> What you should do
From the line that contains "2018 Nissan Rogue Sport SV" to the final line of the records below, print each line exactly and leave every picture out.

Web page caption snippets:
########################################

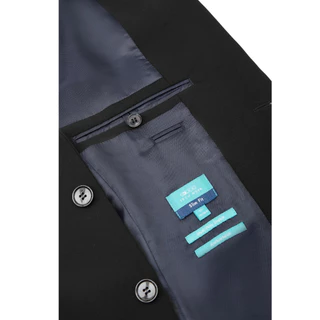 G2000 เสื้อสูทสำหรับผู้ชาย Slim Fit รุ่น 5611305399 สีดำ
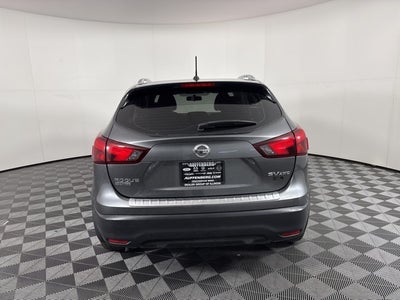 2018 Nissan Rogue Sport SV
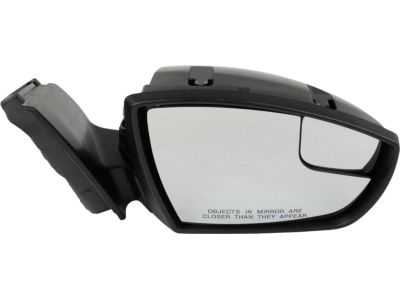 2018 Ford Focus Car Mirror - F1EZ-17682-R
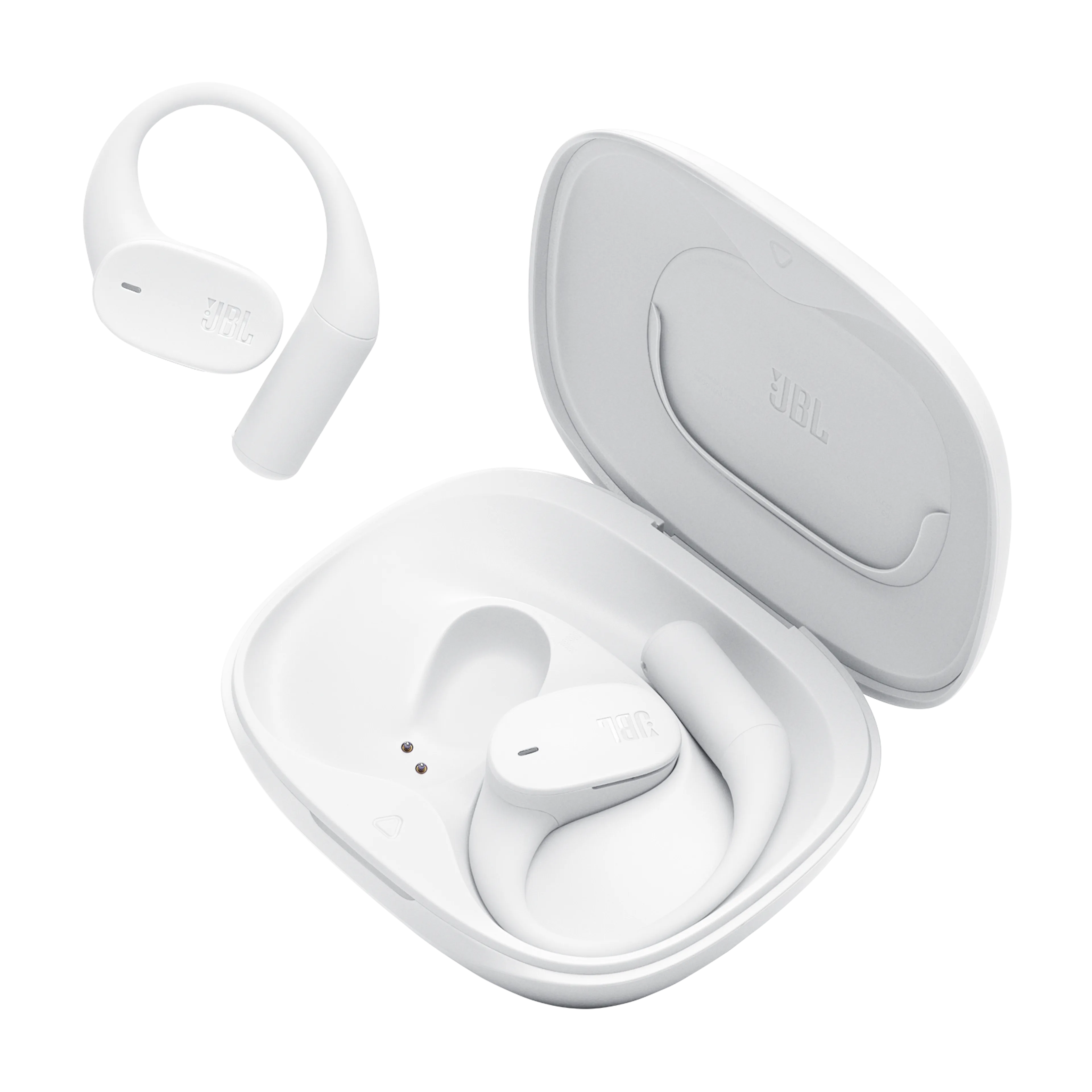 JBL Écouteurs Sense Lite - Blanc image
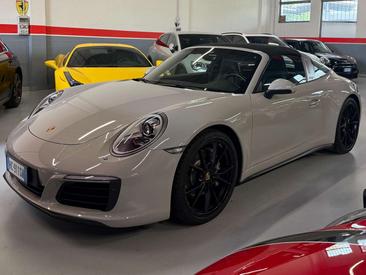 Porsche 991 I Targa 4 — photo 4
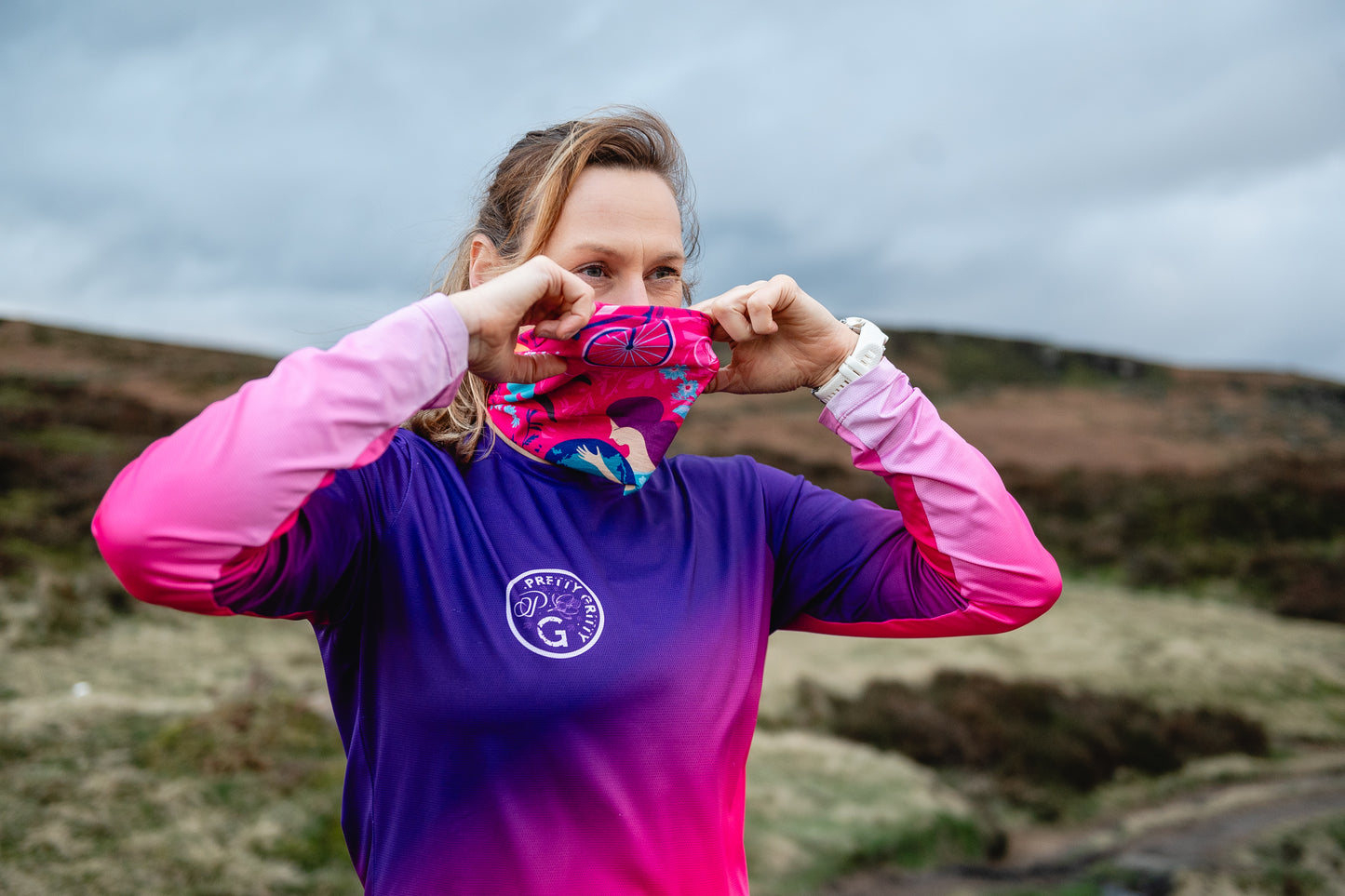 PG multifunctional headwear image 0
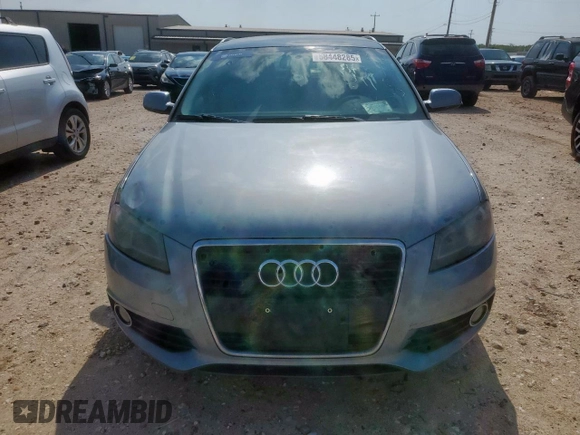 2012 Audi A3 Premium Plus z VIN WAUKJAFM4CA078900, wystawiony jako Copart lot #58448285 z przebiegiem 157 604 mil mil oraz Czysty tytuł • Clean title. Historia ofert i sprzedaży dostępna na DreamBid. Obrazek 5.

########################################

> Answer for this exercise
 2018 Nissan Rogue Sport SV
 2018 Ford Focus Car Mirror - F1EZ-17682-R
 JBL Écouteurs Sense Lite - Blanc image
 Porsche 991 I Targa 4 — photo 4
 PG multifunctional headwear image 0
 2012 Audi A3 Premium Plus z VIN WAUKJAFM4CA078900, wystawiony jako Copart lot #58448285 z przebiegiem 157 604 mil mil oraz Czysty tytuł • Clean title. Historia ofert i sprzedaży dostępna na DreamBid. Obrazek 5.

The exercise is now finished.